A Polícia Civil de São Paulo prendeu em flagrante na tarde desta quinta-feira, 18, um grupo de 31 pessoas, com idades entre 18 e 51 anos, suspeitas de falsificar garrafas de cerveja em uma fábrica clandestina que funcionava no bairro Jardim Ângela, na zona sul de São Paulo.
Conforme a Secretaria da Segurança Pública (SSP), o esquema envolvia a troca de rótulos e tampinhas de produtos mais baratos por estampas que copiavam marcas mais conhecidas, como Original, Skol e Brahma. Depois, as garrafas eram oferecidas a comerciantes por valores menores do que o usual.

De acordo com a secretaria, policiais foram acionados há cerca de um mês por vendedores do Bom Retiro, na região central da capital paulista, para inicialmente apurar uma suspeita de irregularidade de um caminhão que transportava as bebidas que teriam tido o rótulo adulterado.
Por conta do valor cobrado pelos transportadores, a hipótese levantado pelos comerciantes é que a carga pudesse ser roubada. Os agentes então passaram a monitorar um caminhão e nesta quinta seguiram o veículo até um galpão que, segundo informações preliminares, funcionava 24 horas por dia.

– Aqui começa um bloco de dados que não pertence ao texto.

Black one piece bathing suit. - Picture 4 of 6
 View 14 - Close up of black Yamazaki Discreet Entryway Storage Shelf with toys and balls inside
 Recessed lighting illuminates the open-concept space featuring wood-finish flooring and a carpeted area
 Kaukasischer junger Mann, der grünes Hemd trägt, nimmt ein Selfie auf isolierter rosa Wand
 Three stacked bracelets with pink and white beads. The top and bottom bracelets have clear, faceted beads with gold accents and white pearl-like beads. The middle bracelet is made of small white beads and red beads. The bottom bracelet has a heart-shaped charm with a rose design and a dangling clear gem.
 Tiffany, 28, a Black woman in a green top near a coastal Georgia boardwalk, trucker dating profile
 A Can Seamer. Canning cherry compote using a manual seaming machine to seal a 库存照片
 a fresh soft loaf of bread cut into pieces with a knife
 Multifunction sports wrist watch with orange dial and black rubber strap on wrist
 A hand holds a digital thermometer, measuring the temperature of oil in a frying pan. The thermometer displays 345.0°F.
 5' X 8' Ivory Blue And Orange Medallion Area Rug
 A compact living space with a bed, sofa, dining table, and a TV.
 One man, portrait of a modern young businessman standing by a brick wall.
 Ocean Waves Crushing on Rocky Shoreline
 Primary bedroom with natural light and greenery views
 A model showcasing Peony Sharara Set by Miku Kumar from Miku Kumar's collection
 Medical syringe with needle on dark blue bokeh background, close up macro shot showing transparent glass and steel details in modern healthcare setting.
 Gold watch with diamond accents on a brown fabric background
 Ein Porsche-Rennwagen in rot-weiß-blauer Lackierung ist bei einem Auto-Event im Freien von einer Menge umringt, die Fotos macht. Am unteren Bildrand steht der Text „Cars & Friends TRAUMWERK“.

Ao chegar no local, a polícia afirma ter encontrado movimentação intensa de pessoas, com alguns homens lavando e fechando as garrafas de cerveja com uma prensa, o que motivou a entrada dos policiais. Com a presença dos agentes, alguns suspeitos teriam tentado fugir, mas foram abordados.
“A gente viu também uma movimentação grande caminhões, então muita cerveja adulterada provavelmente já saiu dali”, afirmou ao Estadão a delegada Maria Cecília Dias, titular do 2º Distrito Policial (Bom Retiro). Ao todo, três mulheres e 28 homens foram presos no local.
Conforme o Tribunal de Justiça do Estado de São Paulo (TJ-SP), após audiência de custódia realizada na tarde desta sexta-feira, 19, três dos homens suspeitos tiveram a prisão em flagrante convertida em preventiva. Ao restante, foi concedida liberdade provisória.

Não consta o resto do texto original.